An advance copy of Dennis E. Bolen's latest book, Anticipated Results , arrived in the mail not long ago and I dug into it with purpose, finishing it in only two sittings which is a rare thing for me lately as I have very little "free" time.

An advance copy of Dennis E. Bolen's latest book, Anticipated Results, arrived in the mail not long ago and I dug into it with purpose, finishing it in only two sittings which is a rare thing for me lately as I have very little "free" time. It's wholly captivating, yet for some reason upon finishing this review of it below what's amusing is that I have to preface it by saying that I enjoyed it, and that it's not as bad as it sounds. In fact it's not bad at all; despite having tragic characters it's a fantastic read.

Is the usage of the word "spoiler" in reviews something relatively new that has surfaced in journalism in the last 25 years? Perhaps I should ask Dennis E. Bolen, as I didn't clue in that the characters in his book weren't my age until about halfway through when it dawned on me that they were actually a couple of decades ahead of me. You see, there is something that I feel is a very "Vancouver" phenomenon that I didn't realize wasn't confined to my generation until Dennis pointed it out to me in this latest book of his, published by Arsenal Pulp Press. The characters in Anticipated Results could be any age beyond 19 (alcohol plays a lead role), and I just assumed that they were my own until the narrator let slip that he was 9 years old in 1962, putting him more than 20 years beyond me and even 30 beyond a great portion of our readers. But I know these people. I have attended their awkward dinner parties and joined them on boozy camping excursions, I have witnessed their failings and I have done my best to avoid becoming roommates with them in the past. These are not a breed exclusive to the Boomer generation that Dennis is a part of, just strip away some of the brands of booze that they soak up and sub in some more recent cultural references and there you have them: some of your adult-aged, going-nowhere friends.

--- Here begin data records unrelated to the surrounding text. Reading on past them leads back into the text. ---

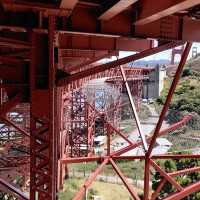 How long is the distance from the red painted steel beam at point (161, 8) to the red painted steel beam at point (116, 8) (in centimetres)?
38

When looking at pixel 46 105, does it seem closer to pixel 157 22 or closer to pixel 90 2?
pixel 90 2

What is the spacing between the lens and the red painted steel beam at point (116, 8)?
5201 millimetres

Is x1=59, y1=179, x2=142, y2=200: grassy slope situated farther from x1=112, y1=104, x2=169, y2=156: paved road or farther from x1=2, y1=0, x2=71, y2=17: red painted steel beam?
x1=2, y1=0, x2=71, y2=17: red painted steel beam

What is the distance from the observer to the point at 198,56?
70625 millimetres

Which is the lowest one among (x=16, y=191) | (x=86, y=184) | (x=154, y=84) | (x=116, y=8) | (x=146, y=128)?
(x=146, y=128)

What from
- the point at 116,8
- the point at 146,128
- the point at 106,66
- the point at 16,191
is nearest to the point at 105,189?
the point at 16,191

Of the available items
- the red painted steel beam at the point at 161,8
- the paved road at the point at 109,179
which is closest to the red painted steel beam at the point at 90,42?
the red painted steel beam at the point at 161,8

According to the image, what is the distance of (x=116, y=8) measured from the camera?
5668mm

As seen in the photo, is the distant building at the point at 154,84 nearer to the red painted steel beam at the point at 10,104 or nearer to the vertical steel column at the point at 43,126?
the red painted steel beam at the point at 10,104

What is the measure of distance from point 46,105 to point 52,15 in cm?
120

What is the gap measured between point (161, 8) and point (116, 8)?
618 mm

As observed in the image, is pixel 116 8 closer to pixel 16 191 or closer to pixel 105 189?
pixel 16 191

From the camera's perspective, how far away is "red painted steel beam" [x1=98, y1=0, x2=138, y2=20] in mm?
5201

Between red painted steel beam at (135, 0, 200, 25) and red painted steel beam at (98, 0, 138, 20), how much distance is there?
1.24ft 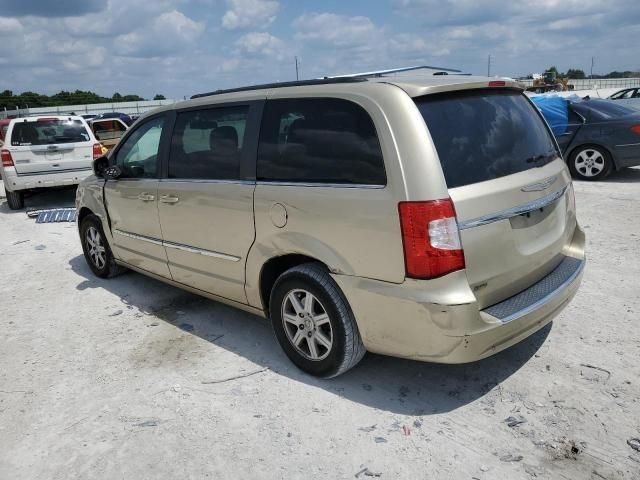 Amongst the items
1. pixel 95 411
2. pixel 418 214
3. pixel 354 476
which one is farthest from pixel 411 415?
pixel 95 411

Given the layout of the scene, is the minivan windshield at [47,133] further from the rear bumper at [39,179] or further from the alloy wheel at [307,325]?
the alloy wheel at [307,325]

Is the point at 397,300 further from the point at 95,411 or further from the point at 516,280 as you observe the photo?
the point at 95,411

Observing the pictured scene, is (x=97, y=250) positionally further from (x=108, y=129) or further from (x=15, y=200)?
(x=108, y=129)

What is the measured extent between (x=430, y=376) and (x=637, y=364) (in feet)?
4.35

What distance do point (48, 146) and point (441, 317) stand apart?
9.55 meters

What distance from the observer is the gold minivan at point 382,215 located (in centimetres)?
288

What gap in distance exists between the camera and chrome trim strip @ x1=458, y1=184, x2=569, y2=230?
2.89m

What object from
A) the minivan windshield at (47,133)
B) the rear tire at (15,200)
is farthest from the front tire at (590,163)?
the rear tire at (15,200)

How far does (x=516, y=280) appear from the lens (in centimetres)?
316

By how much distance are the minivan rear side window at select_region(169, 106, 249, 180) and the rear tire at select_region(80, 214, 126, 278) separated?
1.76 m

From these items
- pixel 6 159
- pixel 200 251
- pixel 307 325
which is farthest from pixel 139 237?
pixel 6 159

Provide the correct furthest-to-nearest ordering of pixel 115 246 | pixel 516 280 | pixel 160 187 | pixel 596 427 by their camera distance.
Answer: pixel 115 246 → pixel 160 187 → pixel 516 280 → pixel 596 427

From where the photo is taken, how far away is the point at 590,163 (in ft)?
32.5

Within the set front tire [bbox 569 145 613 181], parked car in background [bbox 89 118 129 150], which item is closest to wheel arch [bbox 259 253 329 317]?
front tire [bbox 569 145 613 181]
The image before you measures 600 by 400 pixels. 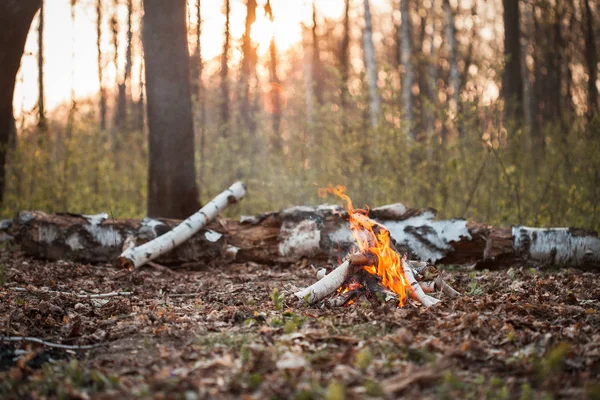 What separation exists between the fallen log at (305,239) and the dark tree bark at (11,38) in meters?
2.31

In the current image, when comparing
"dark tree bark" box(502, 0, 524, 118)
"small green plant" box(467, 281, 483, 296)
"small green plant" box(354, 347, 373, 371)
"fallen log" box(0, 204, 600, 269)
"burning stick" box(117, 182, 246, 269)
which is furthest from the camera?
"dark tree bark" box(502, 0, 524, 118)

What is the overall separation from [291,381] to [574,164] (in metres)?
8.17

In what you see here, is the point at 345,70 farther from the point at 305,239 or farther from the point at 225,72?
the point at 305,239

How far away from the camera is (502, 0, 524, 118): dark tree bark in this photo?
38.3 feet

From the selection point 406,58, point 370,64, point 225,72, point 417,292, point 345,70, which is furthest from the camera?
point 345,70

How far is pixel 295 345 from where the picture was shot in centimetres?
328

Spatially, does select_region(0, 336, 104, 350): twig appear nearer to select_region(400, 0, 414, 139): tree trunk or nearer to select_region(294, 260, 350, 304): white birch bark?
select_region(294, 260, 350, 304): white birch bark

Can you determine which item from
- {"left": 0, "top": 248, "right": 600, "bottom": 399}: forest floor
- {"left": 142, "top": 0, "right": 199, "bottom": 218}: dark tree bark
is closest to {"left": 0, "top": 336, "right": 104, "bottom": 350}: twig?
{"left": 0, "top": 248, "right": 600, "bottom": 399}: forest floor

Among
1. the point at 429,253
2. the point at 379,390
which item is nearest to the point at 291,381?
the point at 379,390

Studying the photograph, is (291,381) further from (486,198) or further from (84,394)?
(486,198)

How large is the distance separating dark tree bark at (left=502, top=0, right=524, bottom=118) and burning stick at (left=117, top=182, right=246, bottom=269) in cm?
759

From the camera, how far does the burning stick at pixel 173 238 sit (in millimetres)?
6180

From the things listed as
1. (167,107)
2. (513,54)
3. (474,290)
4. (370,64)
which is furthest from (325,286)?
(370,64)

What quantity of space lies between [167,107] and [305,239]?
321cm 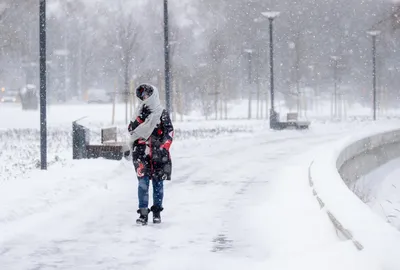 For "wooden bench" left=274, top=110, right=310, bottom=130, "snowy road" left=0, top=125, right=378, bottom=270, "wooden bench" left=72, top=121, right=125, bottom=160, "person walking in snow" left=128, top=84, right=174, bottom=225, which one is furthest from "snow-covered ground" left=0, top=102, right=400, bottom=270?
"wooden bench" left=274, top=110, right=310, bottom=130

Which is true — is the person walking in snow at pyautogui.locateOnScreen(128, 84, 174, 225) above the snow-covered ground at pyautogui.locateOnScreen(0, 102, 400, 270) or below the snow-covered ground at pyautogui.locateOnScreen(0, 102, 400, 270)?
above

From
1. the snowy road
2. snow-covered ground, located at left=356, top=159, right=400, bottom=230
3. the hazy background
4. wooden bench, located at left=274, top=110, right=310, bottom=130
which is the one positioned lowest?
snow-covered ground, located at left=356, top=159, right=400, bottom=230

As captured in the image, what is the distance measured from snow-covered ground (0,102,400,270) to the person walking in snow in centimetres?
58

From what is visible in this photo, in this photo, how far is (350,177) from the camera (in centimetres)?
2228

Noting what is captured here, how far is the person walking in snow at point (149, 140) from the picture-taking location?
30.5ft

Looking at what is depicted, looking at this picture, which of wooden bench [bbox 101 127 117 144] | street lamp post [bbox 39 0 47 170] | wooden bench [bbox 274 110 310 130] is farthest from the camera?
wooden bench [bbox 274 110 310 130]

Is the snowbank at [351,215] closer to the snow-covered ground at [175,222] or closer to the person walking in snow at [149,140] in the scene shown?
the snow-covered ground at [175,222]

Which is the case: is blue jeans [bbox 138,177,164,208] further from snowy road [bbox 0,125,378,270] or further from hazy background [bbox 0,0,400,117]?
hazy background [bbox 0,0,400,117]

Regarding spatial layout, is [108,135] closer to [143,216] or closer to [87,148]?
[87,148]

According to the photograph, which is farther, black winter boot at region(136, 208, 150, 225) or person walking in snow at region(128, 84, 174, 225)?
black winter boot at region(136, 208, 150, 225)

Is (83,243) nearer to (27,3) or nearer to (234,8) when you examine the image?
(27,3)

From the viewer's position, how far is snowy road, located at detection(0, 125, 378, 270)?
7191 mm

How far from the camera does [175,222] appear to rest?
9758mm

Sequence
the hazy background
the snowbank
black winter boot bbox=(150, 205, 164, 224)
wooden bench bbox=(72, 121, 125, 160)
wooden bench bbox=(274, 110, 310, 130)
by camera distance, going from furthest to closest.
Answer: the hazy background
wooden bench bbox=(274, 110, 310, 130)
wooden bench bbox=(72, 121, 125, 160)
black winter boot bbox=(150, 205, 164, 224)
the snowbank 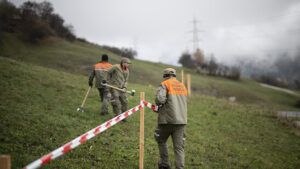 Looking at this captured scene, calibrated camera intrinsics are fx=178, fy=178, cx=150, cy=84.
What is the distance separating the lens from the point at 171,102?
4.62m

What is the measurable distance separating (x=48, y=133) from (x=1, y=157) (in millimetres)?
4742

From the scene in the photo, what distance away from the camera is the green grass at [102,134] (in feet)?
17.2

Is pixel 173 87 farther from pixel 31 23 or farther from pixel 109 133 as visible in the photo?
pixel 31 23

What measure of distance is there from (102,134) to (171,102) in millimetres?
3633

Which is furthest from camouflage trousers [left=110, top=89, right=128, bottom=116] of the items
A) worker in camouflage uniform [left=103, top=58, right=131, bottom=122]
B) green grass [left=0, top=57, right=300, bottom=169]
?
green grass [left=0, top=57, right=300, bottom=169]

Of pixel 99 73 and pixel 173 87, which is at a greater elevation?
pixel 99 73

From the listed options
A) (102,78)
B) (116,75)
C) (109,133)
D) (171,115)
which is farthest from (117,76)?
(171,115)

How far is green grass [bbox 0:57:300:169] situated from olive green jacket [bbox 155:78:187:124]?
73.4 inches

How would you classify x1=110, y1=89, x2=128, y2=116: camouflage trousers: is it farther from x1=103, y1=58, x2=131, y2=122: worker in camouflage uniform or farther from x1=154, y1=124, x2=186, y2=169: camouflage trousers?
x1=154, y1=124, x2=186, y2=169: camouflage trousers

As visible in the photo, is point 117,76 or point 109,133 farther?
point 117,76

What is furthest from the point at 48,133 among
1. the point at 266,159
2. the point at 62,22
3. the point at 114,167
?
the point at 62,22

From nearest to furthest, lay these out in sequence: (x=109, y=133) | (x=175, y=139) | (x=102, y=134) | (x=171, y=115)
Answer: (x=171, y=115)
(x=175, y=139)
(x=102, y=134)
(x=109, y=133)

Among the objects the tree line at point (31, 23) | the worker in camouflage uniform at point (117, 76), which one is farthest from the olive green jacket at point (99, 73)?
the tree line at point (31, 23)

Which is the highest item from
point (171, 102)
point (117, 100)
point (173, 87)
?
point (173, 87) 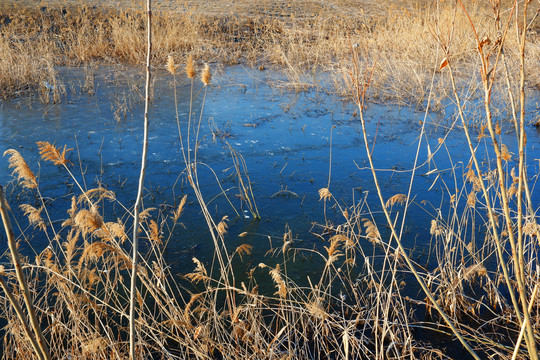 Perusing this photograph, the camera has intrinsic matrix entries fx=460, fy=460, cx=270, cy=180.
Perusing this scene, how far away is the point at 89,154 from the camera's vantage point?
17.9 ft

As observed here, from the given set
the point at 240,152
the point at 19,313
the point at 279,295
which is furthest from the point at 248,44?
the point at 19,313

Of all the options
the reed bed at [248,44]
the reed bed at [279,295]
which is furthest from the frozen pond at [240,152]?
the reed bed at [248,44]

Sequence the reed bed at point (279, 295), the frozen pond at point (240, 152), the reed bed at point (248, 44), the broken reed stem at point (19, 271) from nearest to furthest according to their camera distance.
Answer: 1. the broken reed stem at point (19, 271)
2. the reed bed at point (279, 295)
3. the frozen pond at point (240, 152)
4. the reed bed at point (248, 44)

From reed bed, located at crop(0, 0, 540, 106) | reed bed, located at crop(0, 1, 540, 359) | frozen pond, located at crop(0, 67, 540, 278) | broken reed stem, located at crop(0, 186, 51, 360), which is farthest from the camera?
reed bed, located at crop(0, 0, 540, 106)

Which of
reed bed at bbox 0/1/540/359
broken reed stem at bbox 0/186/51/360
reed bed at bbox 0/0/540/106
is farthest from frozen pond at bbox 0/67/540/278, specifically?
broken reed stem at bbox 0/186/51/360

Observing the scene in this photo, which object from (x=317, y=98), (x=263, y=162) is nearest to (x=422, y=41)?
(x=317, y=98)

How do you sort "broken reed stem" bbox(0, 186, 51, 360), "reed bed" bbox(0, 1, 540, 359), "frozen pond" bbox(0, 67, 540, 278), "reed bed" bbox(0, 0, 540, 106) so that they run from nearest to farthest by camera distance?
"broken reed stem" bbox(0, 186, 51, 360) → "reed bed" bbox(0, 1, 540, 359) → "frozen pond" bbox(0, 67, 540, 278) → "reed bed" bbox(0, 0, 540, 106)

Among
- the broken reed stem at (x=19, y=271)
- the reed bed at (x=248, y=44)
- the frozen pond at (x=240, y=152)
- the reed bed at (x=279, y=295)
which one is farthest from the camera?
the reed bed at (x=248, y=44)

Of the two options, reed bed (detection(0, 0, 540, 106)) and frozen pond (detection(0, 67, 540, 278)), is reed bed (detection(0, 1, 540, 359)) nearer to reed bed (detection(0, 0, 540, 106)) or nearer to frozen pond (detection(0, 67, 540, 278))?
frozen pond (detection(0, 67, 540, 278))

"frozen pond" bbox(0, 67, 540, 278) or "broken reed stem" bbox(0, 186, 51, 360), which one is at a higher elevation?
"broken reed stem" bbox(0, 186, 51, 360)

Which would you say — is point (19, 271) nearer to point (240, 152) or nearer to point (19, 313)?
point (19, 313)

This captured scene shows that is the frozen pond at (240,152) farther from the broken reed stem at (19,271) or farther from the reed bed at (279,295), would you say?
the broken reed stem at (19,271)

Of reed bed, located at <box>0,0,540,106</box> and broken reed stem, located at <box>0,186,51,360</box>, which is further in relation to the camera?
reed bed, located at <box>0,0,540,106</box>

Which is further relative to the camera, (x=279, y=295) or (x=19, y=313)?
(x=279, y=295) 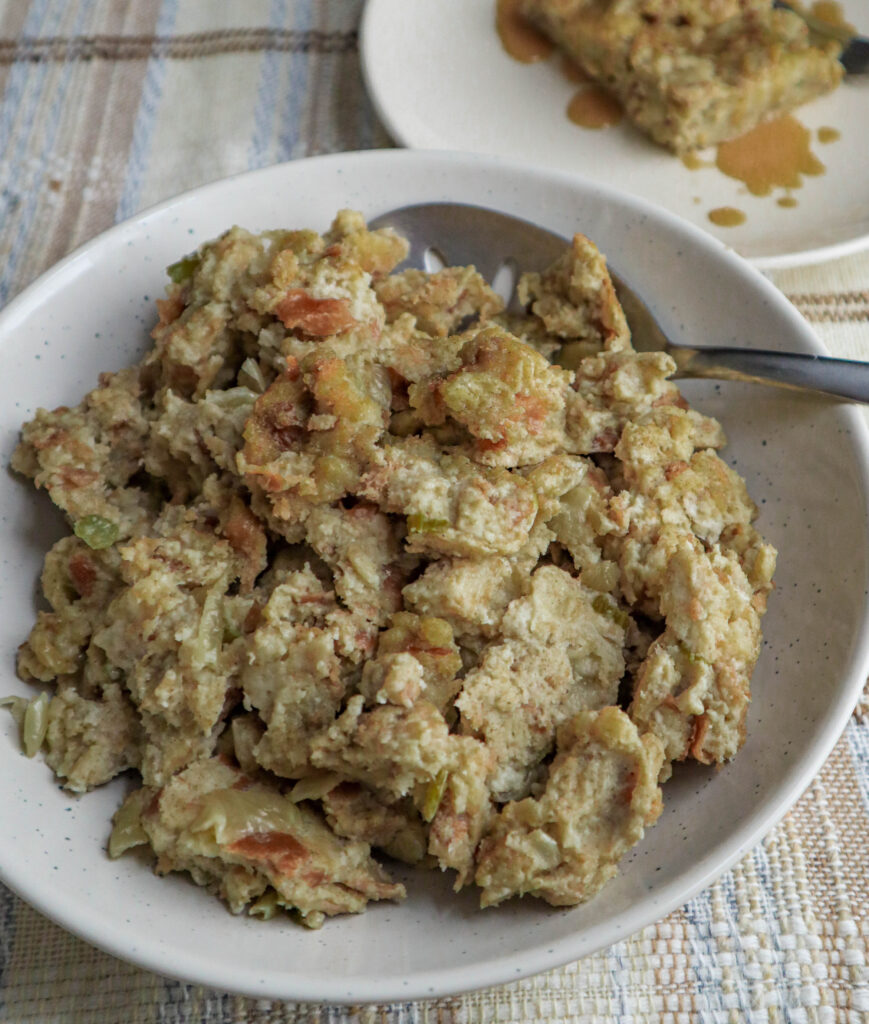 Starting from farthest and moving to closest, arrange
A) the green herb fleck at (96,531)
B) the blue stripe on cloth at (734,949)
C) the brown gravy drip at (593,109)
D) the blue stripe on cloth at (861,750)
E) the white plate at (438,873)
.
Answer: the brown gravy drip at (593,109), the blue stripe on cloth at (861,750), the blue stripe on cloth at (734,949), the green herb fleck at (96,531), the white plate at (438,873)

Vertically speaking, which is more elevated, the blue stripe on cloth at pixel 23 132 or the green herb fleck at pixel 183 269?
the green herb fleck at pixel 183 269

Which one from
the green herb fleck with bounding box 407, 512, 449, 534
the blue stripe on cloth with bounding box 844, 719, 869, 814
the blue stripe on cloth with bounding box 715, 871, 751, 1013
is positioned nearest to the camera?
the green herb fleck with bounding box 407, 512, 449, 534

The stories are woven together by a thread of alcohol abuse and a haze of weed smoke which - if I might keep this within my "very Vancouver phenomenon theory" context while making a fairly broad stroke of a generalization about substance abuse - I feel sometimes becomes normalized or perhaps simply justified by the presence of harder drugs and their effect in plain view in our city, setting the bar lower for "success"; by only relying on not-as-hard drugs the users see themselves a couple of notches above "those people". Which isn't at all a definition of success but is just barely getting by without doing a complete downward spiral, it's more of a half-assed cartwheel if you will. In the end some of us end up being, as Bolen puts it, "middle-aged burnouts", and their follies are what make up this book in a number of entertaining yet somewhat cautionary tales.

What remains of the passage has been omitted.